Le 10 octobre, le chef de la junte nigérienne, le général Abdourahamane Tiani, a signé un décret retirant provisoirement leur nationalité nigérienne à neuf personnes liées à l'ancien président Mohamed Bazoum, qui a été renversé en juillet 2023 et reste détenu arbitrairement. Le décret est basé sur une ordonnance antérieure instituant une base de données de personnes soupçonnées de terrorisme.
Ces neuf personnes, qui ont occupé des postes importants au sein du gouvernement de Mohamed Bazoum, sont toutes actuellement en exil. Parmi elles figurent Rhissa Ag Boula, ancien conseiller de Mohamed Bazoum ; Karingama Wali Ibrahim, ancien chef de la garde présidentielle ; le général Mahamadou Abou Tarka, chef de la Haute Autorité à la Consolidation de la Paix, qui met en œuvre des processus de paix avec les groupes rebelles ; ainsi qu’Amadou N'Gade Hamid et Abdou Pagoui Hamidine, deux anciens membres du cabinet.

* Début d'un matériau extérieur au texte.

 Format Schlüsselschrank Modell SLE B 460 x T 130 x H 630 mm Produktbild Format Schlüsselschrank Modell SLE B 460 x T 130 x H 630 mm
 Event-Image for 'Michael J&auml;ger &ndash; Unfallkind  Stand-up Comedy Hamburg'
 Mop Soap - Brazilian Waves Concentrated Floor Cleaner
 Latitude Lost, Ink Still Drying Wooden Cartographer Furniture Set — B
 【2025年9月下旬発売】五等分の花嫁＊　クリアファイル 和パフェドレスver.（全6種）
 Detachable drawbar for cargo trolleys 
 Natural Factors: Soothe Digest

Le décret accuse les neuf personnes de « mener des activités susceptibles de perturber la paix et la sécurité publiques » et de « complot contre l'autorité de l’État et de trahison », entre autres chefs d'accusation. En septembre 2023, la junte avait lancé des avis de recherche contre 20 personnalités du gouvernement de Mohamed Bazoum, dont certaines sont aujourd'hui déchues de leur nationalité.

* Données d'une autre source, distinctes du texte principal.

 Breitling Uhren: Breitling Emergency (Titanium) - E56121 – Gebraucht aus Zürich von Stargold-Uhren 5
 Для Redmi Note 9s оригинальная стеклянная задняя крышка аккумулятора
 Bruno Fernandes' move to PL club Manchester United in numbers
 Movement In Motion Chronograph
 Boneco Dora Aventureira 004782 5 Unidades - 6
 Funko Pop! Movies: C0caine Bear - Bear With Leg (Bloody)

« Le Niger est à la dérive », a déclaré Abdou Pagoui Hamindine, l'un des anciens membres du cabinet, à Human Rights Watch. « Sinon, comment expliquer que dans un pays confronté à des défis sécuritaires, notamment le terrorisme, des rébellions et du banditisme transfrontalier, un opposant politique soit plus dangereux qu'un terroriste ou un chef rebelle ? »
Human Rights Watch a exprimé ses inquiétudes quant au fait que la base de données sur le terrorisme ne respecte pas certains principes internationaux en matière de droits humains en fixant des critères d'inclusion trop larges, en privant les personnes inscrites d'une procédure régulière et en l'absence d'un mécanisme d'appel adéquat. Elle met également en péril les droits à la vie privée et accroît le risque d'apatridie. Le Niger est un État partie à la Convention des Nations Unies sur la réduction des cas d'apatridie, qui interdit de priver une personne de sa nationalité si cela la rend apatride. L'une des personnes concernées a déclaré que huit des neuf personnes déchues de leur nationalité ne possédaient qu'un passeport nigérien.
Sans nationalité, des individus et leurs familles pourraient être privés de protections juridiques et sociales à l'étranger et empêchés de retourner au Niger, ce qui est pourtant leur droit en vertu du droit international relatif aux droits humains. Les autorités devraient cesser de manipuler les droits des citoyens, abroger le décret et suspendre l'utilisation de la base de données sur le terrorisme.